'Clinical Trials Abroad: The Marketable Ethics, Weak Protections and Vulnerable Subjects of EU Law' (Queen's University Belfast Law Research Paper No. 1) by Mark Leslie Flear
explores
how the EU is a largely overlooked exporter of normative power through its facilitation and use of clinical trials data produced abroad for the marketing of safe pharmaceuticals at home; a move that helps to foster the growing resort to the latter as a fix for public health problems. These are made possible by the EU’s (de)selection of international ethical frameworks in preference to the international technical standards it co-authors with other global regulators. Clinical trials abroad underscore how ethics are contingent and revisable in light of market needs, producing weak protections and the vulnerable subjects of EU law. I argue that these components and effects of the regime are ultimately about that which undergirds, shapes and directs regulatory design. That is, I point to the use, infiltration, perpetuation and extension of market-oriented ideas, values and rationalities into formally non-market domains like biomedical knowledge production and public health. I explain how these are central to efforts at producing and legitimating the EU, its related imagined socio-political order based on a more innovative, profitable and competitive pharmaceutical sector in order to foster economic growth, jobs and prosperity, and with them the project of European integration. ‘Bioethics as risk’ is highlighted as a way to reshape and redirect the regulatory regime in ways that are more consistent with the spirit and letter of the ethical standards (and through them the human rights) the EU claims to uphold.

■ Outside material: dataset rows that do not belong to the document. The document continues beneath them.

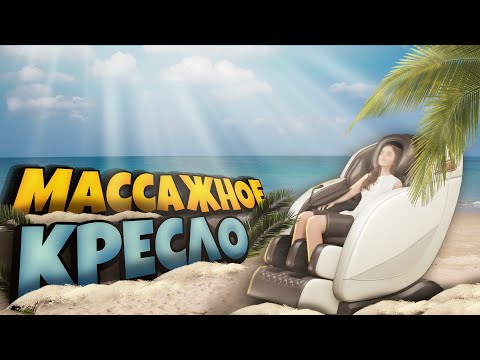 Видео: Обзор массажного кресла с нулевым гравитационным эффектом Jinkairui с aliexpress.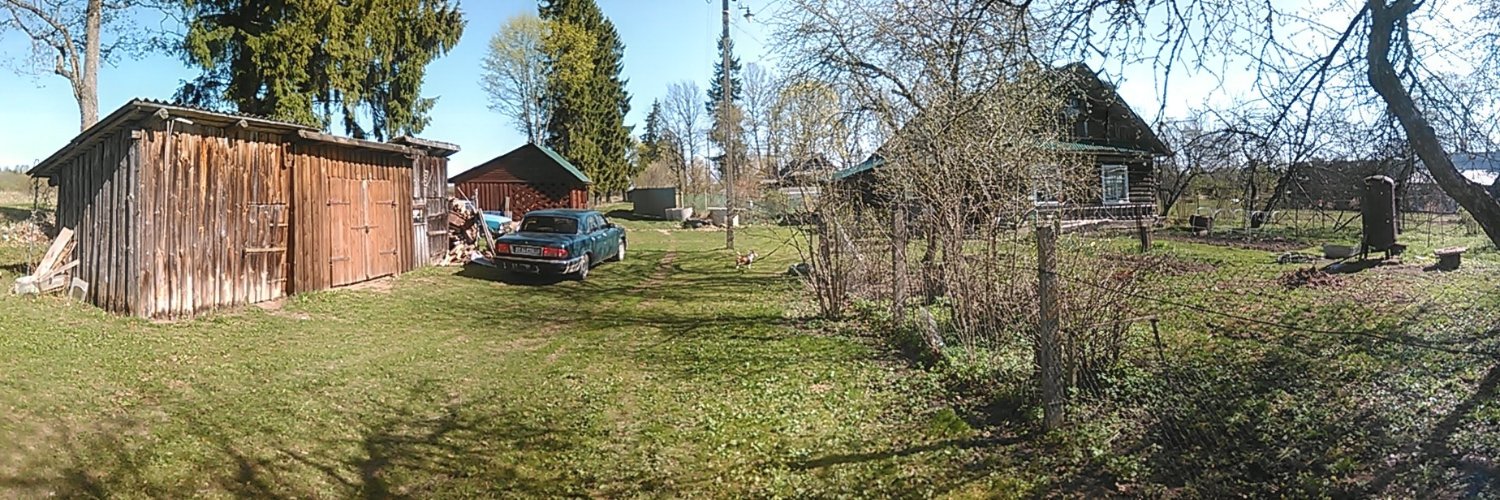 Сергей иZ 🇷🇺ПскоVской's banner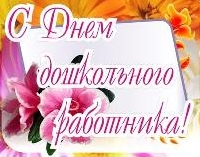 С днем дошкольного работника!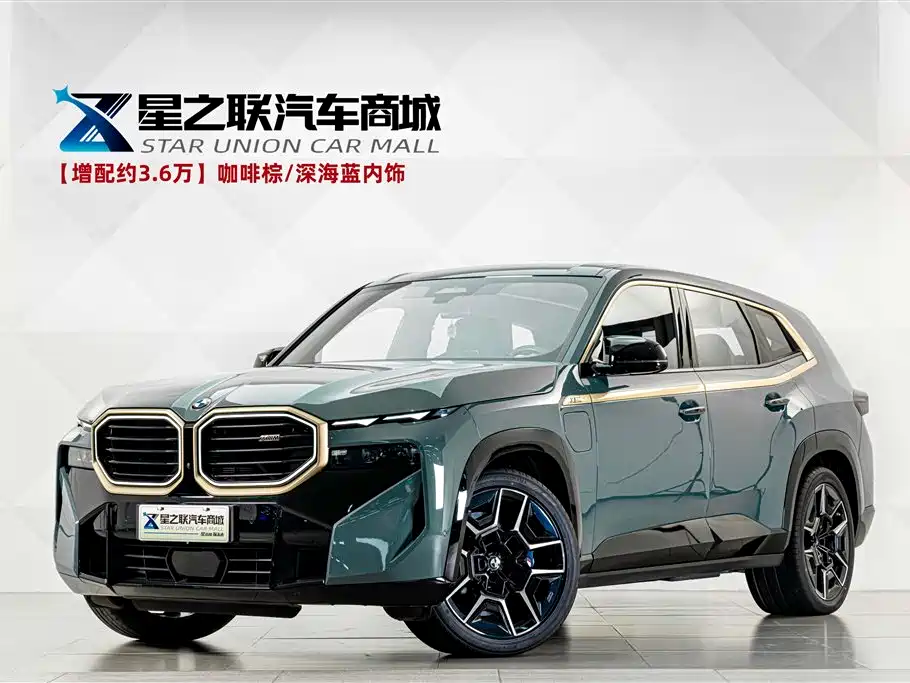 BMW XM 2024 — фото 1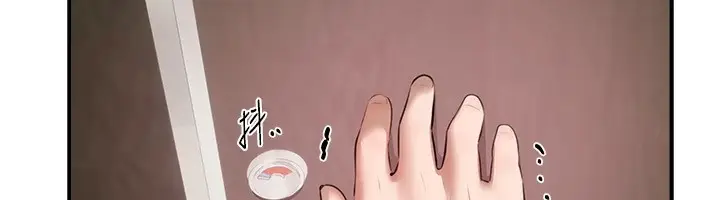 漫画《Beautiful Days》第14话第22张图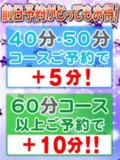 【æ¸‹è°· ã‚¹ãƒžã‚¤ãƒ«】ã‚ã‚“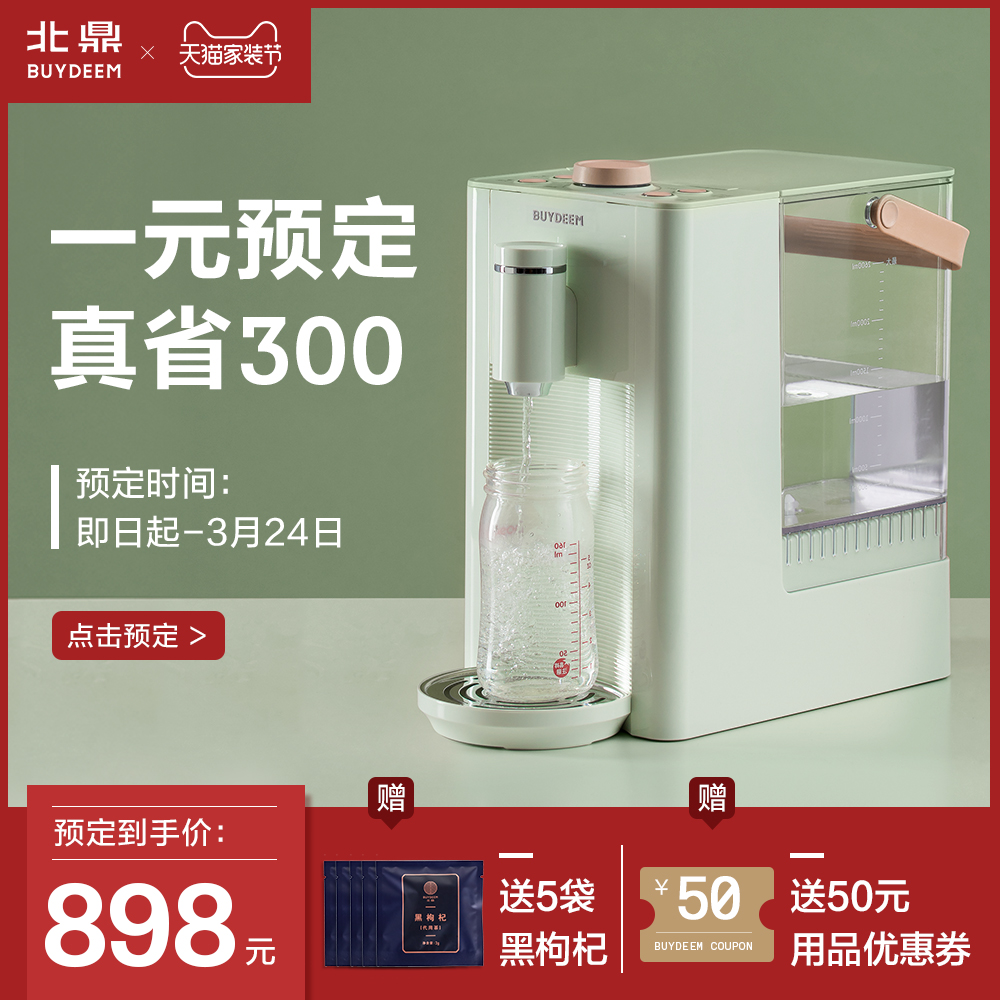 Buydeem/北鼎即热式饮水机家用速热小型台式迷你饮水器全自动S603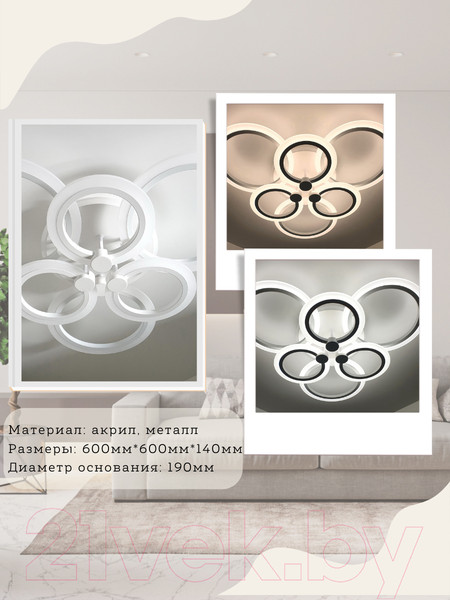 Изображение товара Потолочный светильник Mirastyle Диод JX-19094/3+3 WH ML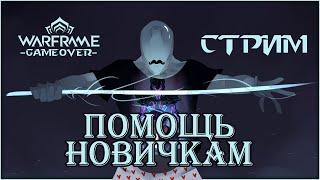 [Warframe] Что привёз Баро Ки`тиир? Стрим ПОМОЩЬ НОВИЧКАМ. Общение с чатом, фарм, розыгрыши, цепи.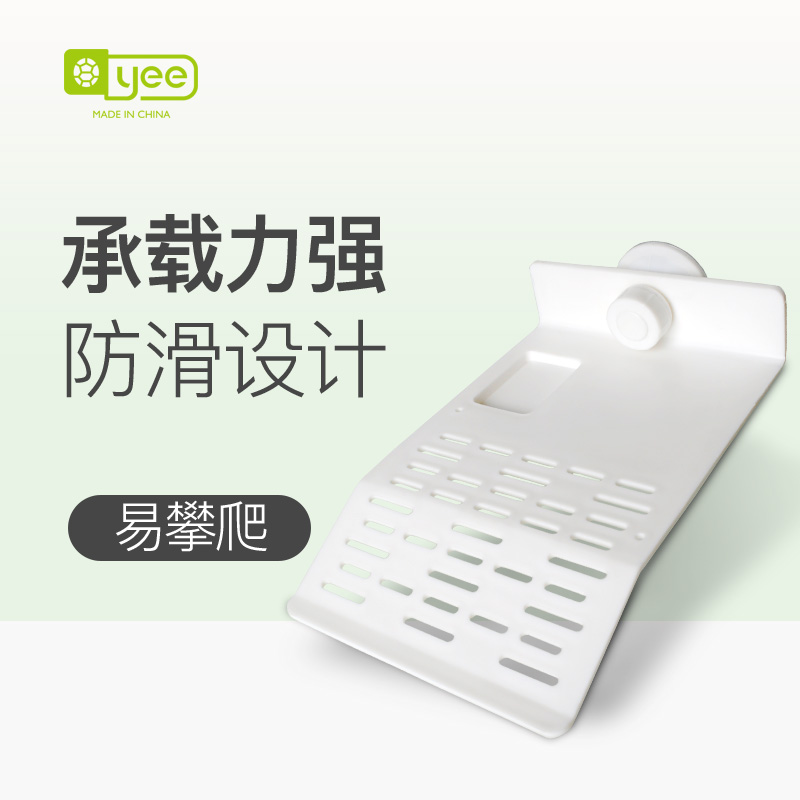龟用品爬宠乌龟晒台巴西龟爬台水族箱爬坡龟缸造景龟箱龟台爬梯高清大图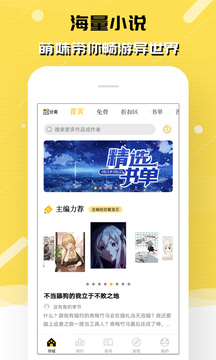 刺猬猫阅读旧版1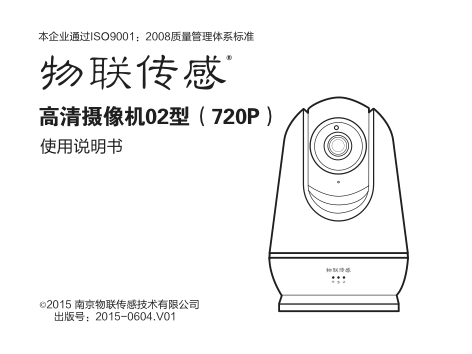 36300000284_物联传感高清摄像机02型（720p）_中英文说明书(8-6cm)(1).png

'A 'Duty' to Continue Selling Medicines' by William M Janssen in (2014) 40
American Journal of Law and Medicine comments
With disappointing frequency, shortages occur in the supply of prescription pharmaceuticals. Sometimes, those shortages persist for months (even years), and can implicate the only known medicine to treat a life-threatening medical condition. Sometimes, those shortages may also be due to avoidably negligent decisions in manufacture. Twice in the past two years, seriously ill patients — confronting just such medicine supply shortages — have resorted to the courts, demanding a judicial remedy for negligently caused supply interruptions to critically needed medicines. In doing so, they have asserted a bold litigating position: the law ought to impose upon drug manufacturers a legal duty to continue selling their medicines. In other words, once a pharmaceutical manufacturer enters a medicine market, it is obligated by law to remain there and preserve perpetually its medicine’s supply. This claim of compelled-access-to-pharmaceuticals pushes to the very frontier of drug law in America.
This Article begins by tracing the two cases (one in Utah, the other in Florida) that confronted these creative compelled-access-to-medicines arguments. Earlier cases, resolving a distinctive but thematically similar compelled-access argument in the context of experimental drugs, are introduced as well. The discussion explains how each claim lost in court. The Article next performs an independent survey of a wide range of legal theories — in constitutional principle, enacted law, regulatory law, and case law — that could be cited as alternative potential sources for imposing a duty on manufacturers to continue selling their drugs. It demonstrates that none is likely to be a credible source for that duty. Finally, the Article examines the competing policy considerations that would be implicated by “inventing” such a duty, finds that a judicial invention is unwise, but offers a potential statutory amendment designed to strike a sound balance between the legitimate proprietary and autonomy interests of manufacturers and the health and survival interests of critically ill patients.